I’m so sorry you go through this. There was a period of several months during my Ph.D. program when I was on an antibiotic that my doctors still hadn’t realized I was allergic to, and migraines with stroke-like symptoms were one of the side effects for me. Having persistent migraines of varying intensity over a period of months, as you can imagine, didn’t help me to thrive in grad school. But on the upside, finding myself cognitively dulled forced me to ask hard questions about what kind of work I wanted to be investing my life-hours into anyway, and this allowed me to realize that academia was not the answer. Within about a year, I announced to my department that I was leaving. I don’t regret this.
Nowadays, I survive on copyediting academic manuscripts, and I find editing all but impossible when a migraine strikes. I try to encourage clients to reach out to me BEFORE the 11th hour, by offering a lower rate for projects that are delivered to my inbox early, but what many of them don’t realize is that this is largely my way of building a “migraine buffer” into my work schedule; I never know when I’ll get them.
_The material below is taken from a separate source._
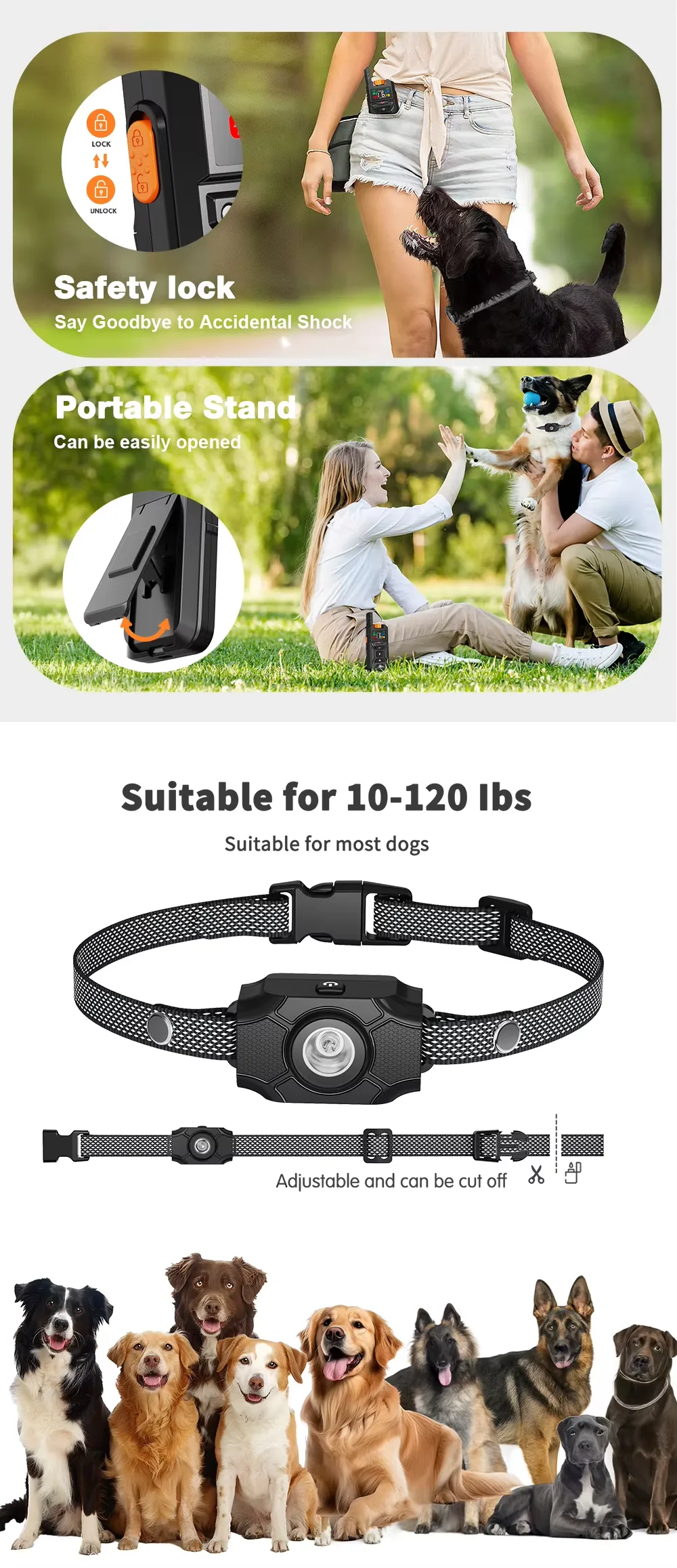 Dog Training Collar Wholesale — 800 m Remote, LED, 3 Channels - detail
I try to do my projects immediately, whenever possible, since I can never anticipate whether a migraine will strike — and in certain jobs (like yours, or mine), it’s entirely unacceptable to say, “I’m sorry, but I’m suddenly too sick to help you meet your deadline.” No matter how true it is.
Thankfully, someone tipped me off to acupuncture. Just a few weeks of acupuncture did WONDERS to make my migraines abate in severity and frequency — an effect that lasted for many years after I stopped the treatments. Apparently, there are many such success stories. I intend to resume acupuncture soon myself, and I hope that acupuncture can help you as well.
Thanks for drawing attention to how this ailment affects productivity! Wishing you wellness.